We show that for all $\varepsilon>0$, for sufficiently large prime power $q\in\mathbb{N}$, for all $\delta>0$, it is NP-hard to distinguish whether a $2$-Prover-$1$-Round projection game with alphabet size $q$ has value at least $1-\delta$, or value at most $1/q^{1-\varepsilon}$. This establishes a nearly optimal alphabet-to-soundness tradeoff for $2$-query PCPs with alphabet size $q$, improving upon a result of Chan [Cha16]. Our result has the following implications:

1. Near optimal hardness for Quadratic Programming: it is NP-hard to approximate the value of a given Boolean Quadratic Program within factor $(\log n)^{1 - o(1)}$ under quasi-polynomial time reductions.

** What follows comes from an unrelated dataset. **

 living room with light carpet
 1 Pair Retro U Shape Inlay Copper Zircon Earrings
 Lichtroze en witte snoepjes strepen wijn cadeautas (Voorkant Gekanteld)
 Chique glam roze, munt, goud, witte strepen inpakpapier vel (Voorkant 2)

This result improves a result of Khot and Safra [KS13] and nearly matches the performance of the best known approximation algorithm [Meg01, NRT99, CW04] that achieves a factor of $O(\log n)$.

2. Bounded degree $2$-CSP's: under randomized reductions, for sufficiently large $d>0$, it is NP-hard to approximate the value of $2$-CSPs in which each variable appears in at most $d$ constraints within factor $(1-o(1))\frac{d}{2}$, improving upon a recent result of Lee and Manurangsi [LM23].

3. Improved hardness results for connectivity problems: using results of Laekhanukit [Lae14] and Manurangsi [Man19], we deduce improved hardness results for the Rooted $k$-Connectivity Problem, the Vertex-Connectivity Survivable Network Design Problem and the Vertex-Connectivity $k$-Route Cut Problem.